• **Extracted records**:
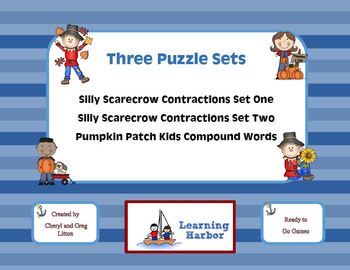 Preview of Three Complete Puzzle Sets for Contractions and Compound Words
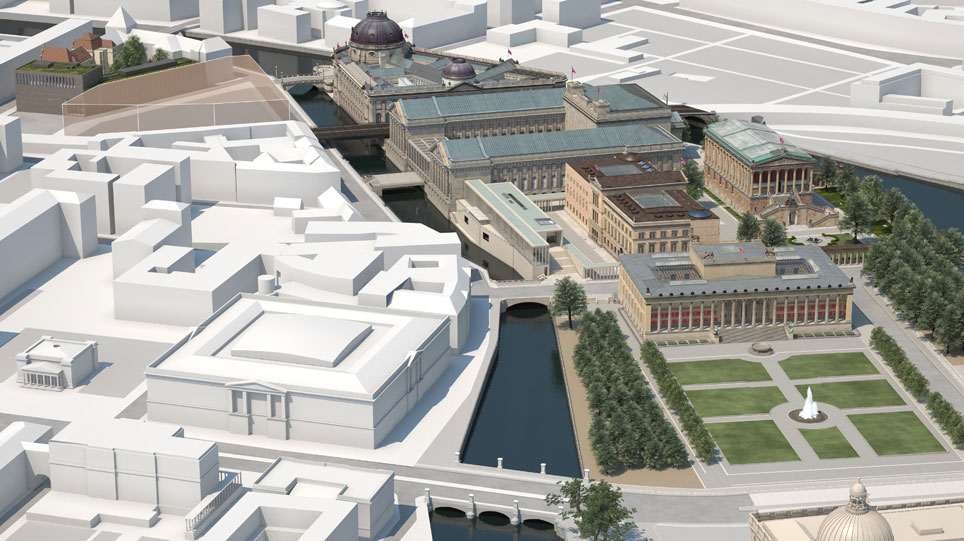 3D visualization of the Museumsinsel Berlin after all construction projects have been completed. View from the south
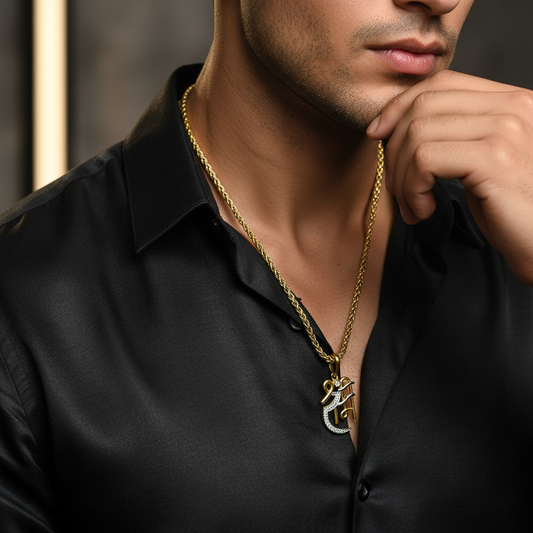 Shree Ram Men’s Attractive Trend Gold Chain Pendant (Chain-22 Inch)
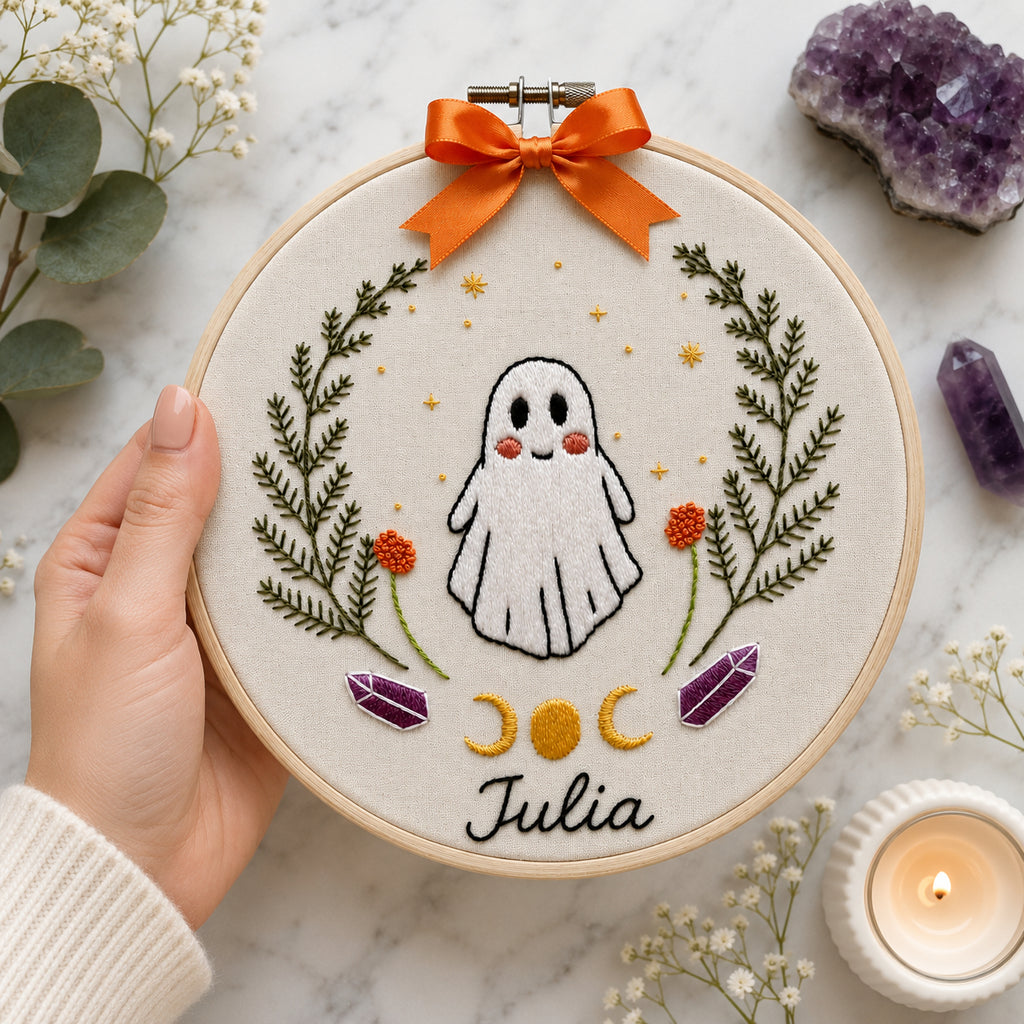 Personalized Ghost Embroidery Hoop Art, Halloween Nursery Wall Decor, Custom Name Fall Embroidery, Cute Spooky Handmade Gift HOOP02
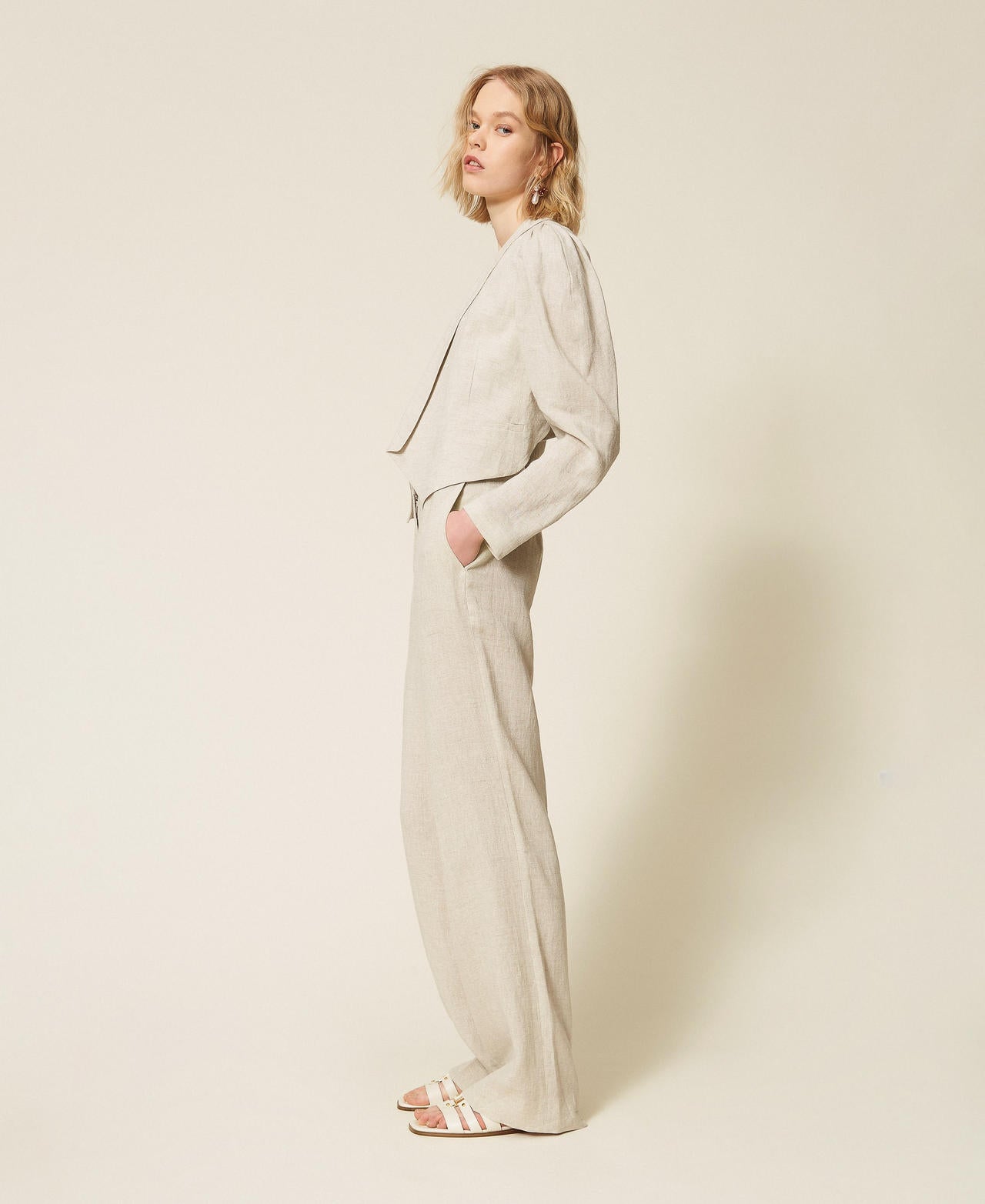 TWINSET Pantaloni dritti 261TT2521 Natural Bright Linen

• **WHAT NEEDS TO BE DONE**:
Give every line of the data above again as it stands; the pictures stay out.

• **ANSWER SPACE**:
 Preview of Three Complete Puzzle Sets for Contractions and Compound Words
 3D visualization of the Museumsinsel Berlin after all construction projects have been completed. View from the south
 Shree Ram Men’s Attractive Trend Gold Chain Pendant (Chain-22 Inch)
 Personalized Ghost Embroidery Hoop Art, Halloween Nursery Wall Decor, Custom Name Fall Embroidery, Cute Spooky Handmade Gift HOOP02
 TWINSET Pantaloni dritti 261TT2521 Natural Bright Linen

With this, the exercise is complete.